DATA SEGMENT START

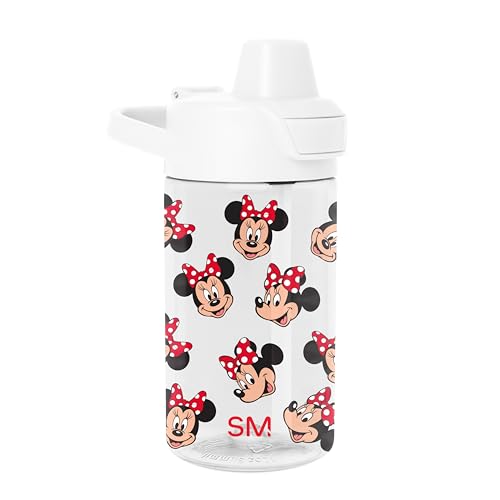 Simple Modern Disney Kids Tritan Plastic Summit Water Bottle | 12 oz BPA-Free Cup with Covered Leak Proof Straw Lid for Girls Toddlers | Minnie Mouse Fun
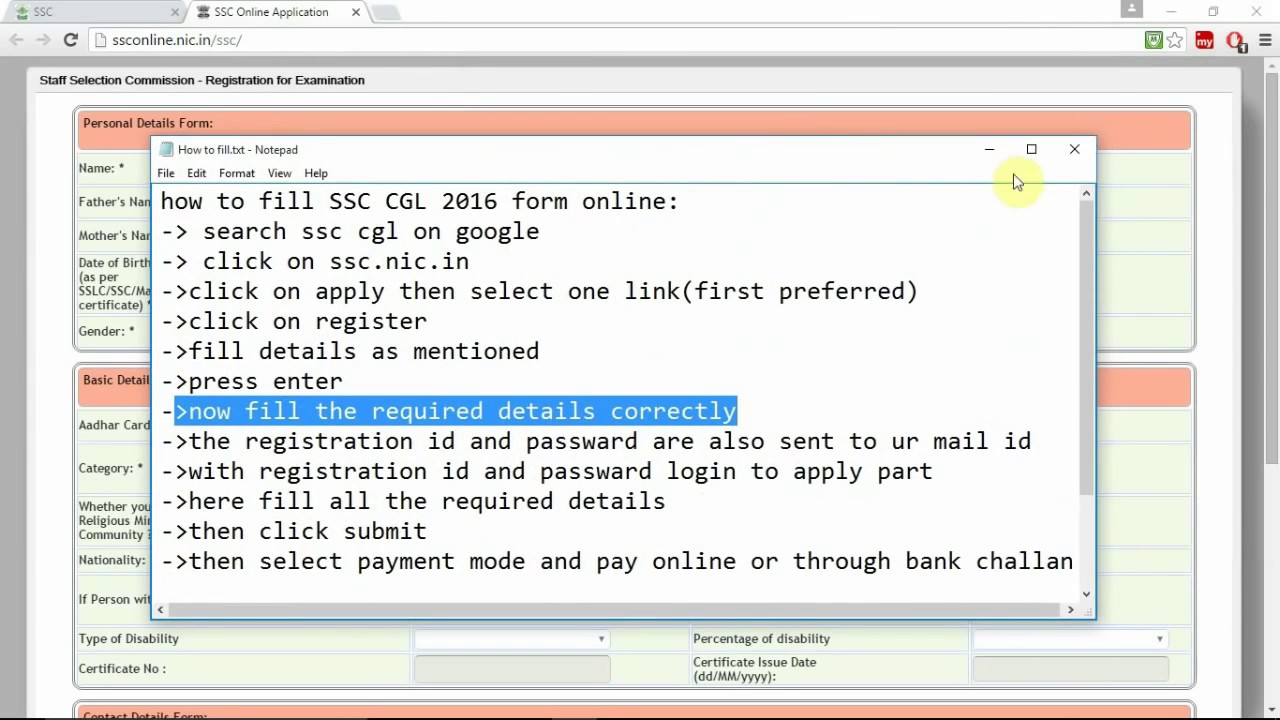 How to fill SSC 2017 Online Registration Form CORRECTLY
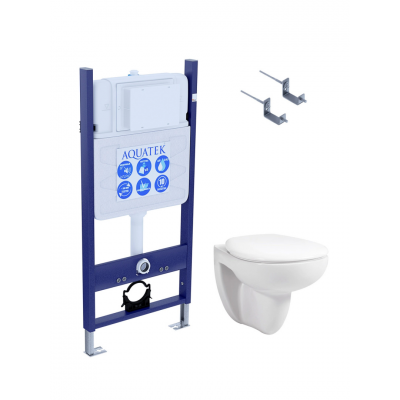 Комплект унитаз с инсталляцией и сиденьем микролифт Aquatek Каир SET AQUATEK КАИР KKI безободковый купить с доставкой. 100% Оригинал. Гарантия!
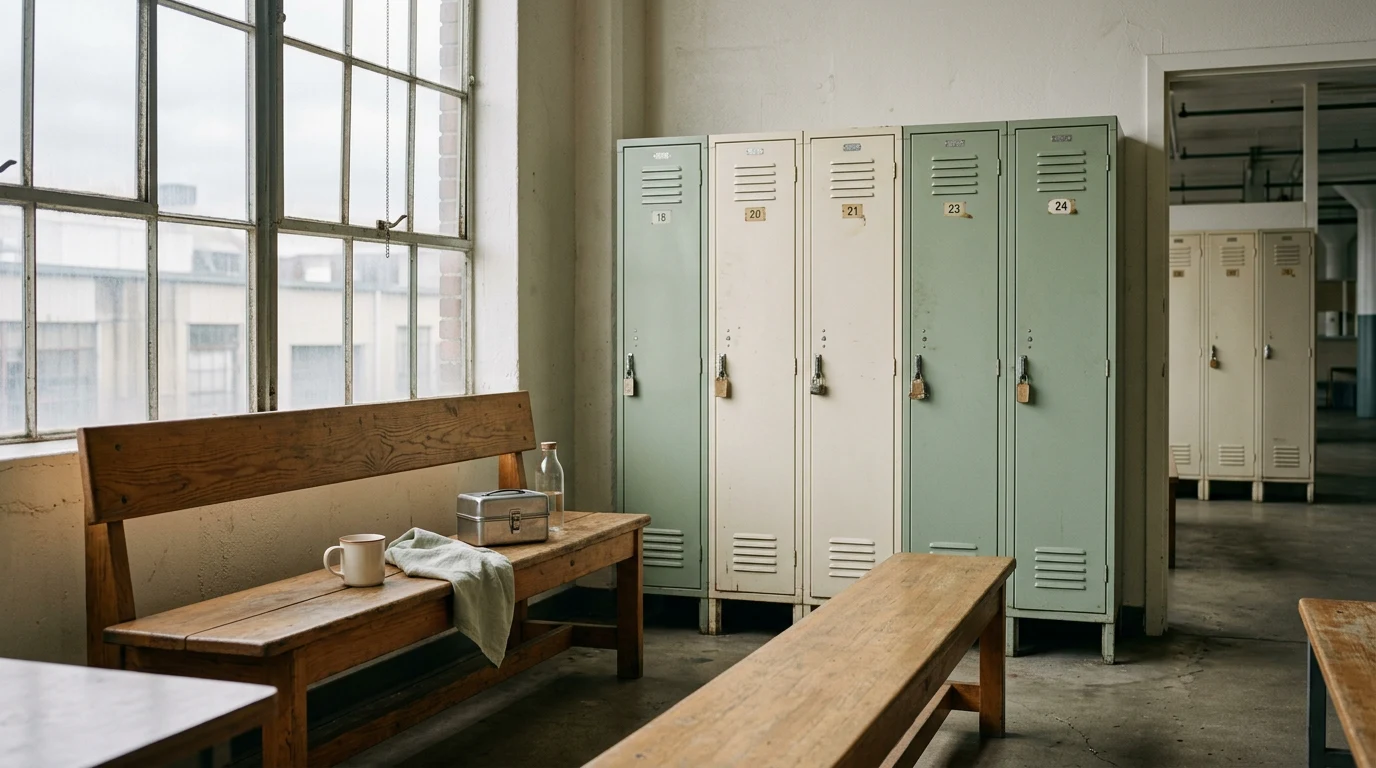 Empty factory break room with lockers and benches, overcast light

DATA SEGMENT END

**EXERCISE PROMPT**
Take the line with "How to fill" and each line after it through the end of the material above, and reproduce them exactly, both ends included, without pictures.

**EXERCISE SOLUTION**
 How to fill SSC 2017 Online Registration Form CORRECTLY
 Комплект унитаз с инсталляцией и сиденьем микролифт Aquatek Каир SET AQUATEK КАИР KKI безободковый купить с доставкой. 100% Оригинал. Гарантия!
 Empty factory break room with lockers and benches, overcast light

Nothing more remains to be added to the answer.